Bertrand Laverdure |
Pierre Samson |
«Réglons le cas de mon zona,
puisque tu le mentionnes dans ta lettre. Admettons que c’est un problème somme
toute mineur, un sain exercice de zénitude avant mon départ pour le Japon. Le
pire avec ce virus, c’est la douleur constante, pulsative, quoique modérée, qui
a meublé mes jours comme mes nuits. Et, franchement, encaisser un zona, c’est comme
lire un roman de Victor-Lévy Beaulieu: vous savez que vous êtes confronté à
quelque chose de plus fort que vous, c’est une marée puissante faite
d’élancements dans un cas, polluée par d’innombrables débris littéraires [et
coupants] dans l’autre, dont Ferron, Aquin, Ducharme et, bouée de sauvetage,
Joyce. Peu importe de laquelle de ces épreuves il s’agit ici, l’évocation d’un
dix-huit roues lancé à tombeau ouvert sur une autoroute du 450 et vous
imprimant pour de bon sur l’asphalte prend alors des airs de libération.»
(p.12-13)
Bertrand Laverdure,
heureusement, même s’il a des idées sur ce que doit être un roman et l’écriture,
se montre plus tolérant.
«…VLB, si on met sa poésie de
côté, a pondu des œuvres majeures, que ce soit dans le domaine de la biographe
d’écrivain (Melville, Joyce, Voltaire), du roman-fleuve, du roman poétique, de
l’étude sur l’édition au Québec, de l’essai en général et du téléroman à
succès. Il est un monument de nos lettres ET un histrion éhonté de notre
histoire littéraire.» (p.19)
Samson ne semble guère lire ses
contemporains, ce qui ne l’empêche pas d’avoir des idées tranchées, surtout sur
le travail des chroniqueurs.
«Je nous demande d’éviter le
piège de l’indéfinitude, zona de la prose québécoise, notamment chez nos
tortionnaires en pantoufles, les chroniqueurs : Mort au «on»! Je n’en peux
plus de ces fadaises indéterminées, de cette présence floue, de ce «nous» de
bigleux, de ce «je» outremontais, c’est-à-dire un «nous» monarchique non
assumé, et avec raison.» (.12)
Une fois à Tokyo, dans une
résidence d’écrivain, Samson crache souvent dans la soupe, se moque des
fonctionnaires, des manies des Japonais et peut-être aussi des siennes. Il a
l’œil pour débusquer les travers de ceux qu’il approche.
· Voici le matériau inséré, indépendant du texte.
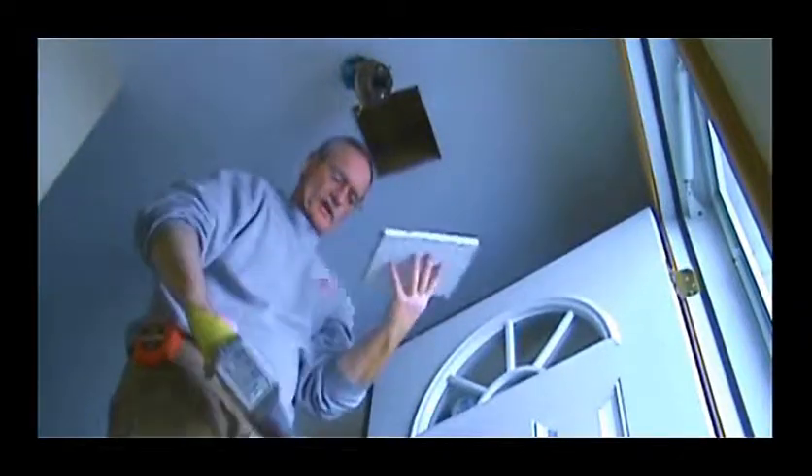Oh yeah, the drywall's pretty wet — it's soaked, as a matter of fact. Now let's take a look and see what my little camera's seen. And there it is. Pretty obvious now. Just hope we don't have anything else.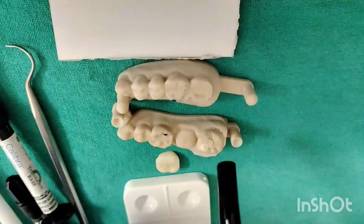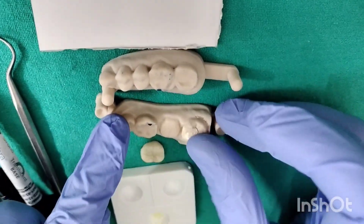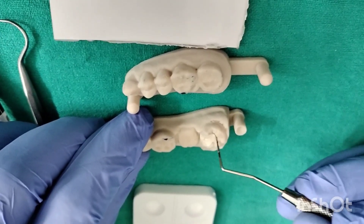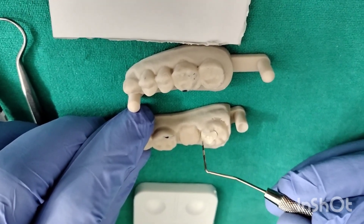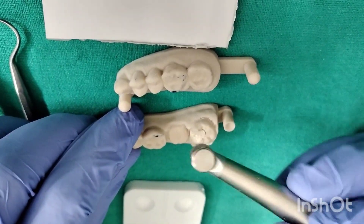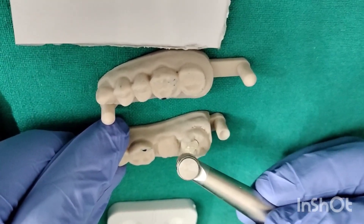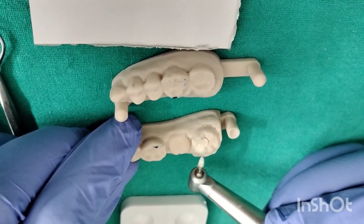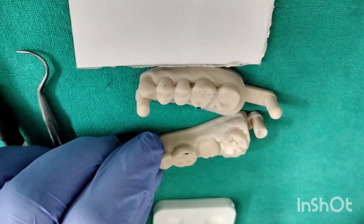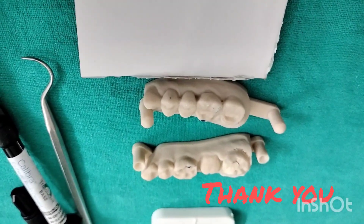Once we have done this, your all ceramic inlay is bonded onto the prepared tooth. Once we have cured this and bonded it onto the prepared surface, you are going to just finish and polish it. Use a finishing abrasive, trim any excess, and then apply a coating of varnishing agent and cure it — and that is it. With this we come to the end of the video. Thank you for watching.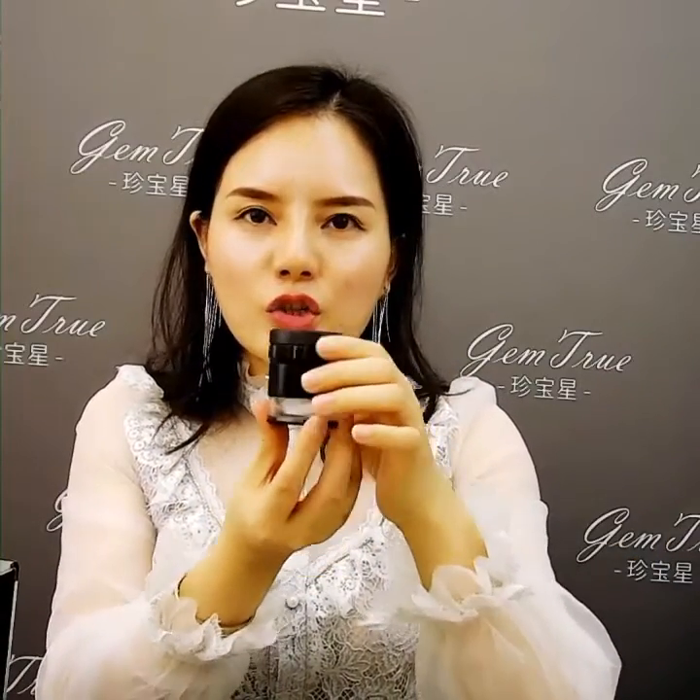Hi. Today, this tool I'd like to introduce is the scale magnifier, but with LED light. A lot of scale magnifiers haven't got any light inside. But this one has got a strong LED light inside.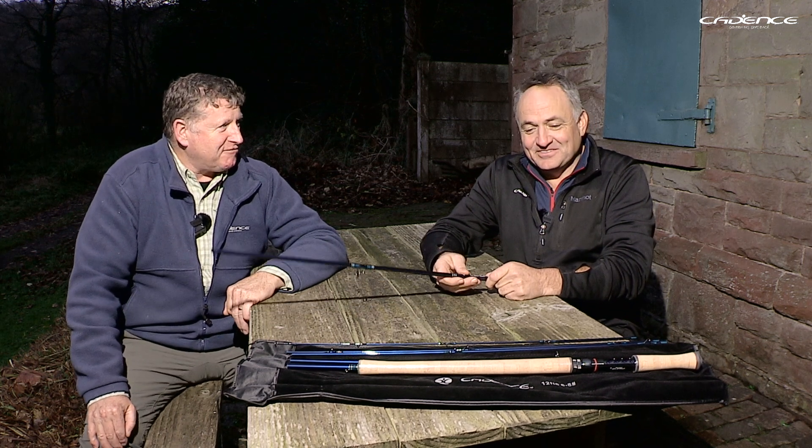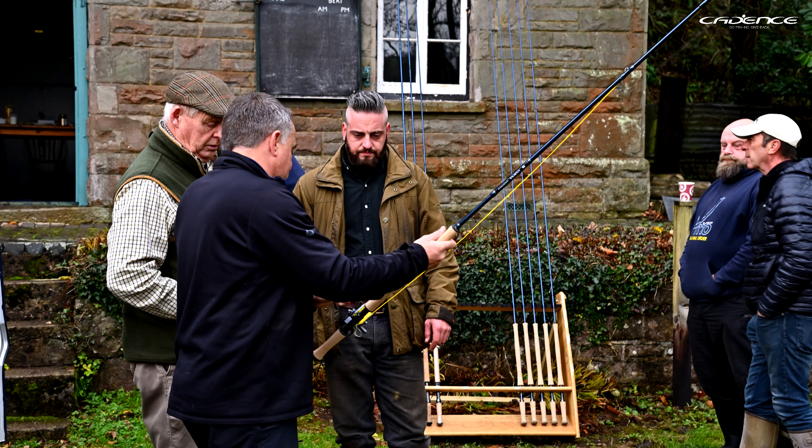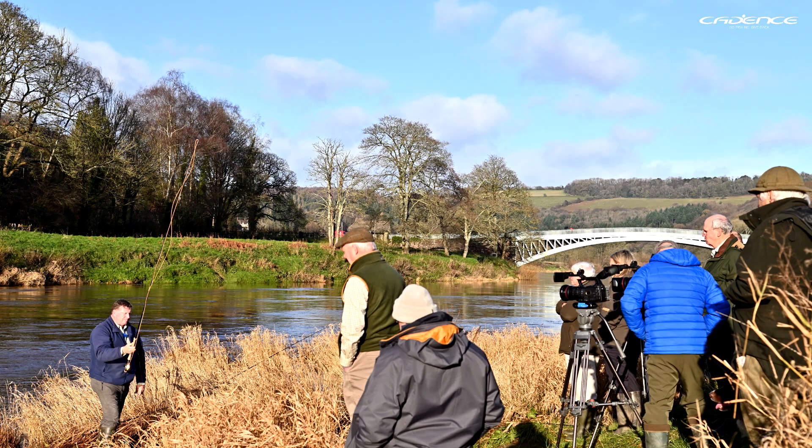Hopefully, the best thing to do is actually see one and have a cast. Come and give it a try. We've just finished our first real Cadence Open Day here on the beautiful River Wye, down at Bigsweir. It's been a fantastic event, and we plan to hold more and more of these events around the country where people can come and try out the rods and match them up with the type of lines that they like to use.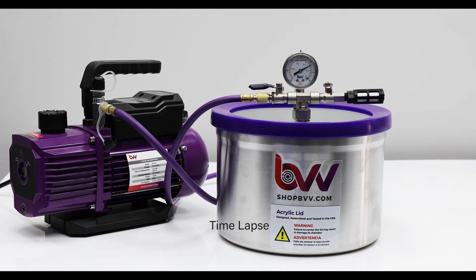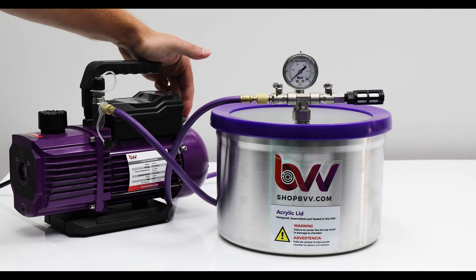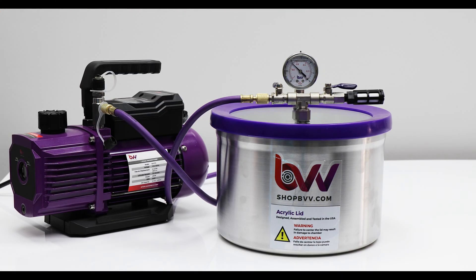Go ahead and turn on your pump and open your valve. You will see your gauge go down to minus 30. At this point you can leave the pump running or close off the chamber completely. Open up the other valve to release air into the vacuum chamber.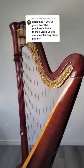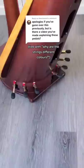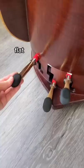Probably my most asked question about the harp is: what do the pedals do? There are seven pedals, one for each note of the musical alphabet. Up is flat, middle is natural, and down is sharp.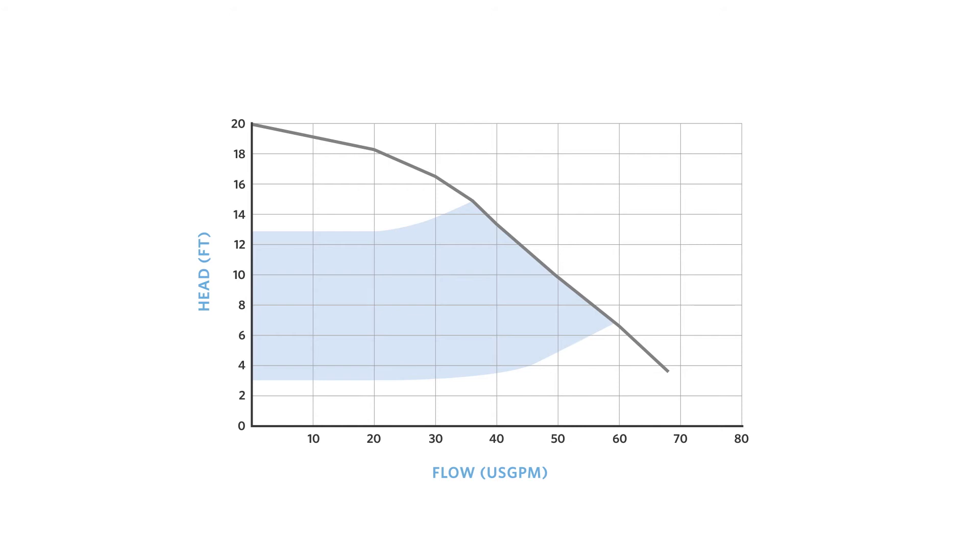This graph illustrates how auto mode works. The amp draw of the motor is measured and mapped on a pre-programmed quadratic curve. As the amp draw changes, the control algorithm adjusts pump speed to match the new required setting for flow.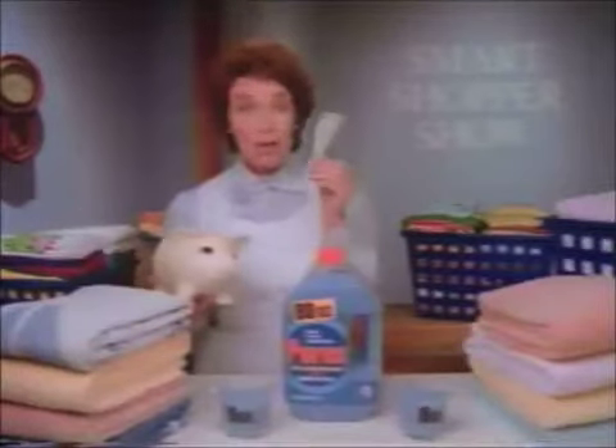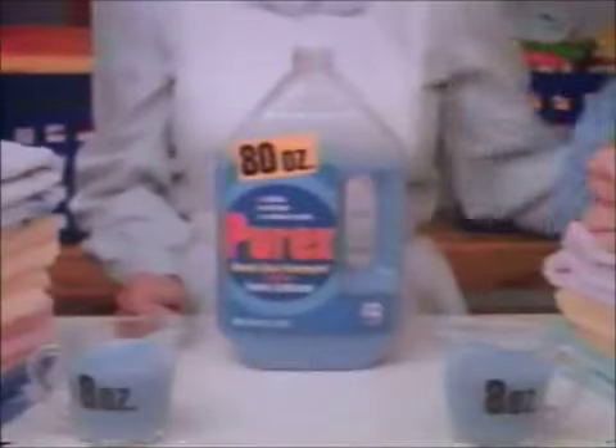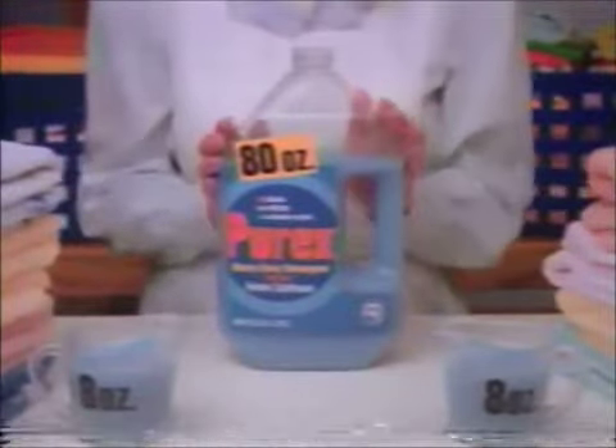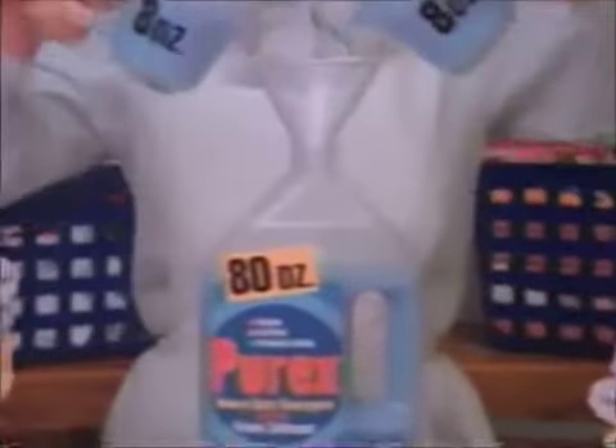Want to learn how to save up to a dollar? Buy Purex heavy-duty detergent plus fabric softener. Purex gives you powerful cleaning plus 16 ounces more than the leading liquid. That's two cups more for about the same price. And that's like saving up to a dollar.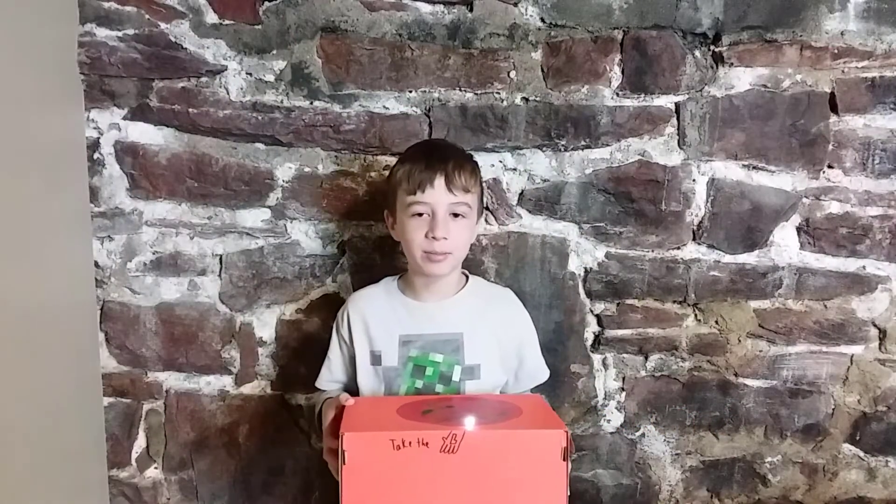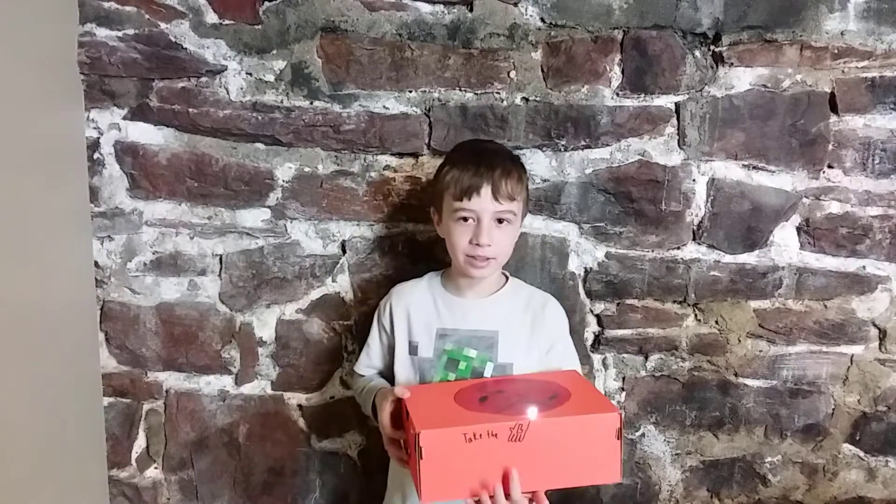My name is Miles and this is my anti-brother candy box. I made this because my brother steals my candy.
Laverdure, à Saint-Ligori, découvre
la vie à la campagne, fait preuve d’une franchise troublante quand il raconte
ses misères de jeunesse et ses expériences.
Recherche
Quand les deux écrivains tentent
de cerner le pourquoi de l’écriture ou leurs ambitions, la quête, malgré les
doutes et les obstacles, devient vibrante. Les deux cherchent un ancrage au
cœur des mots, un monde où l’imaginaire et le réel peuvent se colletailler. Ils
bousculent leur désir de renouveler la littérature en la forçant à aller au-delà
de la vie peut-être et des sentiers trop fréquentés. Comment ne pas aimer?
C’est chaud, vivant, même s’ils m’ont fait rager souvent.
«Lettres crues» de Bertrand Laverdure et Pierre
Samson est paru aux Éditions La Mèche.